From time to time, the game introduces interesting objectives such as assassination. Lamentably, they’re so unique that they don’t repeat these mechanics.
I’m more of a completionist when it comes to free-roam games and that was where most of my time was spent in playing Homefront: The Revolution. I made the whole map resemble a rebel city, completing every task to further the revolution. With that said, it might not be for everyone. Some might beeline through the short campaign, but will be stumped as it requires some side missions to be completed in order to progress.
The design might’ve been improved but there’s a large degree of effort placed while making this game and it shows. The city of Philadelphia is a withered husk of its former glory, every corner replaced with Korean text and propaganda, the buildings themselves are even furnished! I still do have high hopes for this game and I do hope that the developers would still continue to make things right even after months of this game’s release. Thankfully, they did not just let up and go like some developer I know (*cough Arkham Origins *cough). If the initial bugs are fixed, then there’s definitely a better place for Homefront: The Revolution.
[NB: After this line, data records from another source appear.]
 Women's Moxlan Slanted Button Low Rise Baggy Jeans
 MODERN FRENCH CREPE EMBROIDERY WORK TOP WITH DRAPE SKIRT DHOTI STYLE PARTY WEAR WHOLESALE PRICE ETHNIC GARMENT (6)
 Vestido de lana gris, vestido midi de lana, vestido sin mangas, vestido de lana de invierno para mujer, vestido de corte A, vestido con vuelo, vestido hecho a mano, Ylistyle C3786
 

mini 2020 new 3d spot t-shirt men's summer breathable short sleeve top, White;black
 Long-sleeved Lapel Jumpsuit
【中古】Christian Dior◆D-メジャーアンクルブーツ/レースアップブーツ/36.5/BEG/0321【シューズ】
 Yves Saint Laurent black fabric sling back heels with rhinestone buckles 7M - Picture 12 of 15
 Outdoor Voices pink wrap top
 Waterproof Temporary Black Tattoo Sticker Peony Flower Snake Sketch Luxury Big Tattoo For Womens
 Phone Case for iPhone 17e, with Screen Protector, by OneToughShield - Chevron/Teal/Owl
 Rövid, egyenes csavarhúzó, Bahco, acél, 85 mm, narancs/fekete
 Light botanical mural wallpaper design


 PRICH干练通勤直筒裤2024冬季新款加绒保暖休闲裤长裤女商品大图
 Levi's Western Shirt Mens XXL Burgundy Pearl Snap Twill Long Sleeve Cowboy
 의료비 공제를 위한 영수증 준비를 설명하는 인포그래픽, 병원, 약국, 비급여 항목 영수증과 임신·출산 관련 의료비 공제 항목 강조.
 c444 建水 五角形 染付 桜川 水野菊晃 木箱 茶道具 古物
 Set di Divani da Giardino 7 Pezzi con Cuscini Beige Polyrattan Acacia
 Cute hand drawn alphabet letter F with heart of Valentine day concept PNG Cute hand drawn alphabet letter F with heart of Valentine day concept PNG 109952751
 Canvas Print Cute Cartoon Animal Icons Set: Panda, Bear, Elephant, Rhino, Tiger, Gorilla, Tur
Graphics take center stage in Homefront: The Revolution
To conclude, I did find it enjoyable and I think it gave more than what I paid for given that I bought it on a very heavy discount. I highly recommend it as one of those must buys for this Christmas Steam Sale, better catch it while it’s still up until January 3. I do recommend it for those that like the solid mechanics of Far Cry, a good-looking game, or a decent shooter to take about 12+ hours of your time.